Later, as pup progresses, the line can be left off, but pup should still be WATCHED. A soda can with a handful of pennies or pebbles sealed inside is an effective tool for breaking the pup’s attention when he’s focused on the birds in an inappropriate way. It can be shaken or even tossed in between him and his quarry for a startling correction if necessary. There have been times I’ve had to toss whatever I had on hand in between to disengage a playful pup from chasing– empty bucket, grain scoop, whatever. The most important thing is that he consistently is stopped from doing this again. There must be no further reward in chasing. If you are lax in this area and he is allowed to sneak off to have more “fun”, it will only reinforce the bad behavior and make your job harder, perhaps even impossible.

 

 

If you were thinking of using your pup to actually herd the poultry later on, you should know that to overcorrect may give him the idea that poultry are off limits altogether.

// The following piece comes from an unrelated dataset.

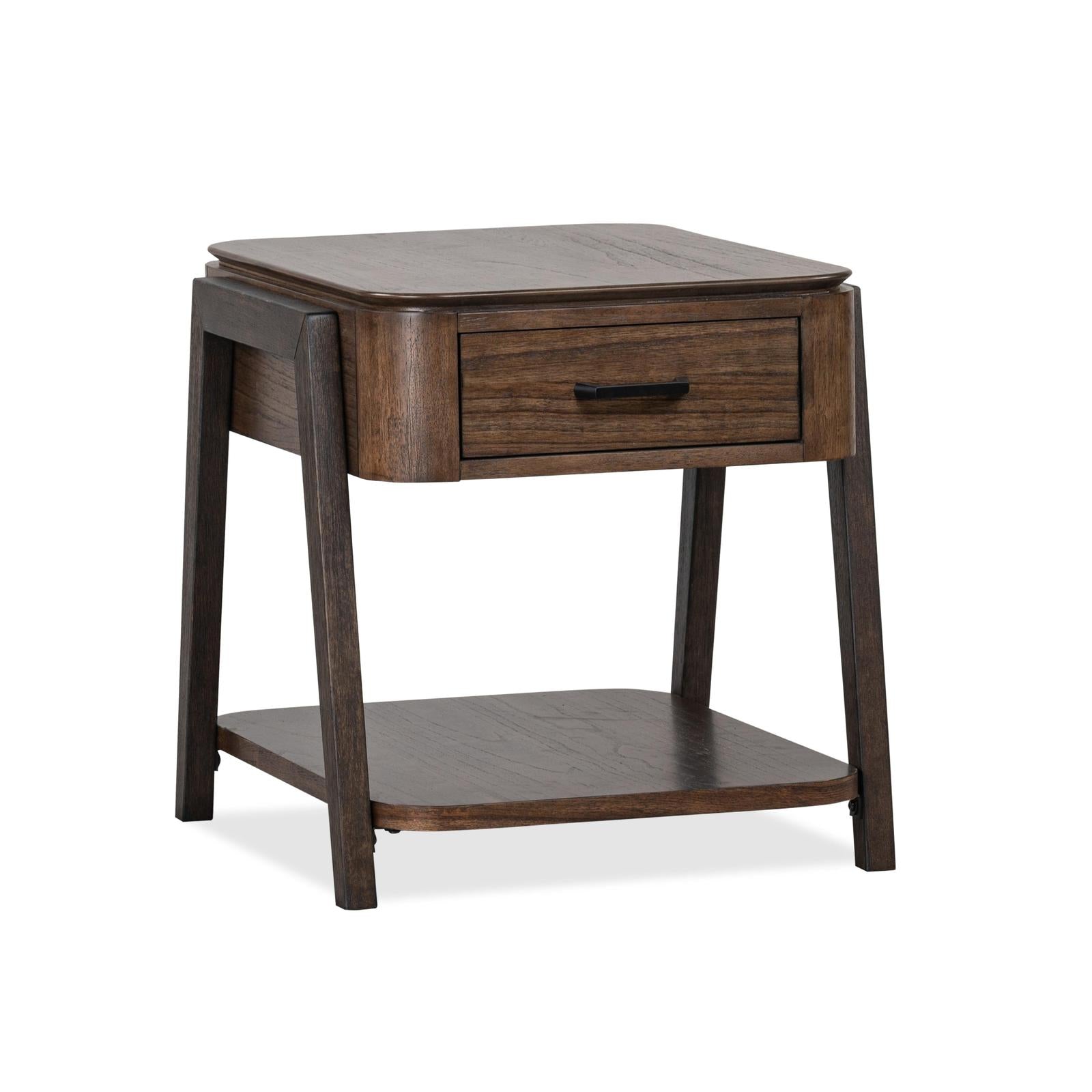 Magnussen Home Hallie Milk Chocolate & Dark Chocolate Rectangular End Table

In my opinion, considering what’s happened, it’s most important to get him off the idea of chasing and harassing them NOW. I’ve found that my English Shepherds have more than enough herding drive and desire to help that even after being “in trouble” at some point for bothering birds they will still work them as needed .

 

 

Again, the ability to discern when and how to approach the birds is something that comes with maturity and as a result of clear consistent training.